I know that him moving out will be hard but in the long run will be the best thing. at least for now. We both are committed to the best interest of our children although I think we have different ideas on what that is. Does anyone feel guilty that their children are going to miss out on normal childhood things like vacations with both of their parents etc?? We had planned a trip to Disney next summer for our 6 year old to see Mickey for the first time. I told him he is still invited to come, and share in that but he said he would feel "uncomfortable" this is a man who has no trouble being intimate with me but can't go see Disney with me and his children???

I don't get it! 
:scratchhead::scratchhead::scratchhead:


----------



## Frostflower (Jul 22, 2012)

Lovingwife315 said:


> I honestly never wanted the "old" relationship back. Both of us made our fair number of mistakes in that . I had hoped that I was important enough to him to create a new better more open and loving relationship, but he has put up this wall of selfishness that I can't seem to get around. I guess it is not my job to make him see what he is doing is wrong. He moves out in 13 days and I guess I am just in denial on the way it is going to be. We normally get along very well, until he starts to feel guilty and then gets angry at everything I say or do, that shows him I still love him and am willing to mend our marriage.
> 
> I know that him moving out will be hard but in the long run will be the best thing. at least for now. We both are committed to the best interest of our children although I think we have different ideas on what that is. Does anyone feel guilty that their children are going to miss out on normal childhood things like vacations with both of their parents etc?? We had planned a trip to Disney next summer for our 6 year old to see Mickey for the first time. I told him he is still invited to come, and share in that but he said he would feel "uncomfortable" this is a man who has no trouble being intimate with me but can't go see Disney with me and his children???
> 
> ...


I don't know your story, just what you have written here, but when you do or say things that show him you still love him, you come across as needy and clingy, someone to avoid. That's why he comes across as angry. 

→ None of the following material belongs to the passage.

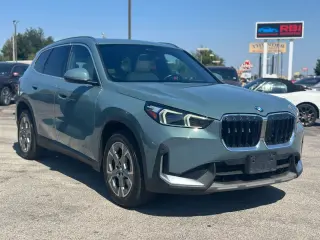 2023 BMW X1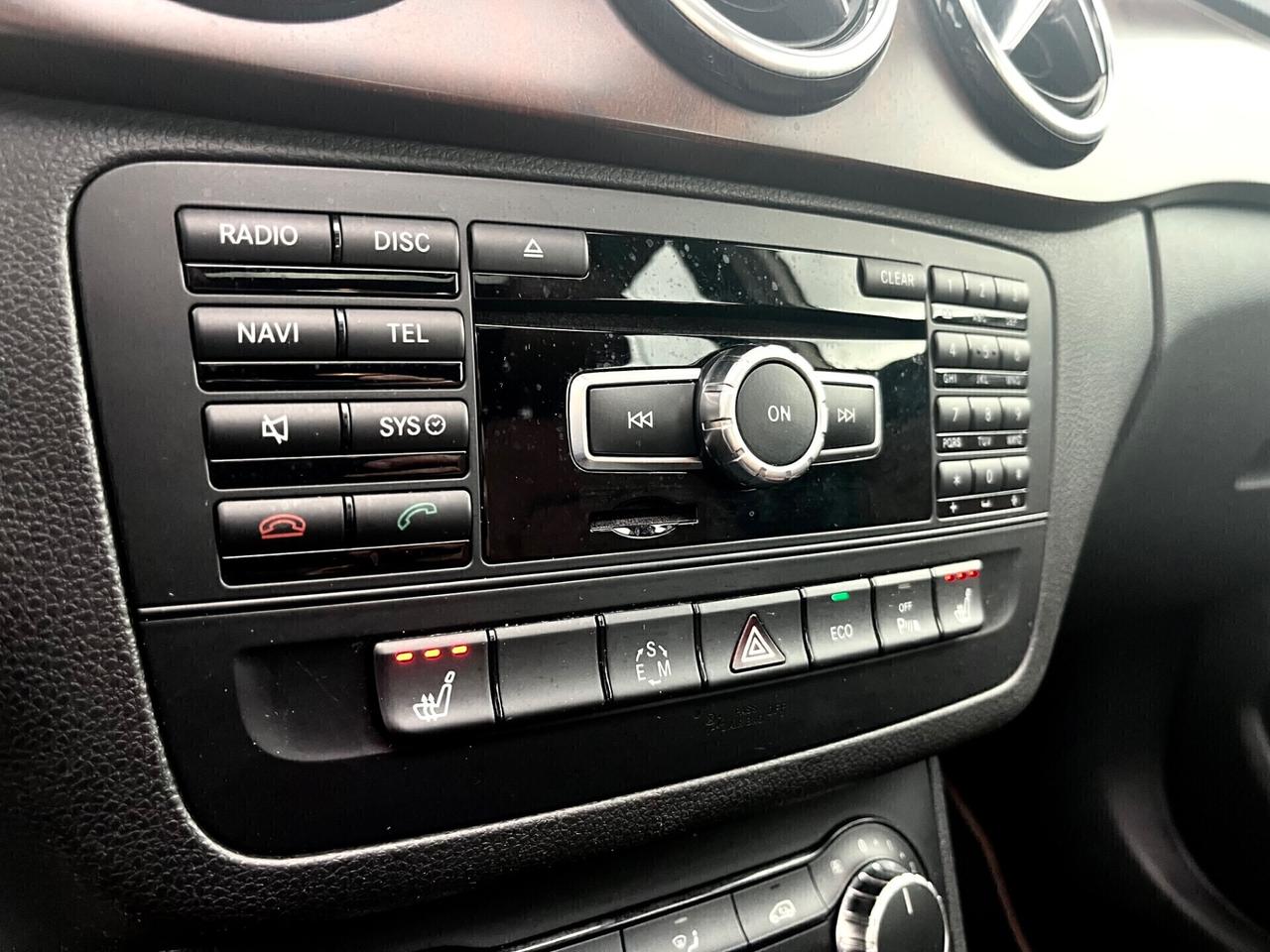 Mercedes-benz B Premium PLUS *TETTO*PELLE*NAVI*CERCHI18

From your second paragraph, it sounds like you are still having sex, even though he is moving out. For Heaven's sake, stop! He's leaving. Stop scratching his itch.

Going to Disney with you would be beyond uncomfortable. It would also be very confusing for your children.

You need to stop moaning after him and start working on your self-esteem. Your behavior will only ensure that he will stay as far away from you as he can.

Have you read the 180?


----------



## Lovingwife315 (Dec 10, 2012)

From ur reply I get the feeling that u think I wrong? Lol. 

Hey I'm not the one who cheated but I am willing to forgive him. He has given me a lot of mixed signals over the past few months but bottom line is I love him. I guess tough love is the way to go!







Frostflower said:


> I don't know your story, just what you have written here, but when you do or say things that show him you still love him, you come across as needy and clingy, someone to avoid. That's why he comes across as angry.
> 
> From your second paragraph, it sounds like you are still having sex, even though he is moving out. For Heaven's sake, stop! He's leaving. Stop scratching his itch.
> 
> ...


_Posted via Mobile Device_


----------



## Serenity_Prayer (Oct 31, 2012)

My STBX is moving out at the end of the year too. I can't wait. I'm sure I'll get emotional about it, the divorce will feel more real (finally!), but I am SO ready to move on, which is hard to do when you see your ex every day in your house. I feel some pangs for the kids too, but the 10 year old has already figured she'll get two vacations in the deal and got over the sad part.


----------



## Frostflower (Jul 22, 2012)

Lovingwife315 said:


> From ur reply I get the feeling that u think I wrong? Lol.
> 
> Hey I'm not the one who cheated but I am willing to forgive him. He has given me a lot of mixed signals over the past few months but bottom line is I love him. I guess tough love is the way to go!
> 
> _Posted via Mobile Device_


As I said, I don't know your story, but my advice still stands. What you are doing is not working.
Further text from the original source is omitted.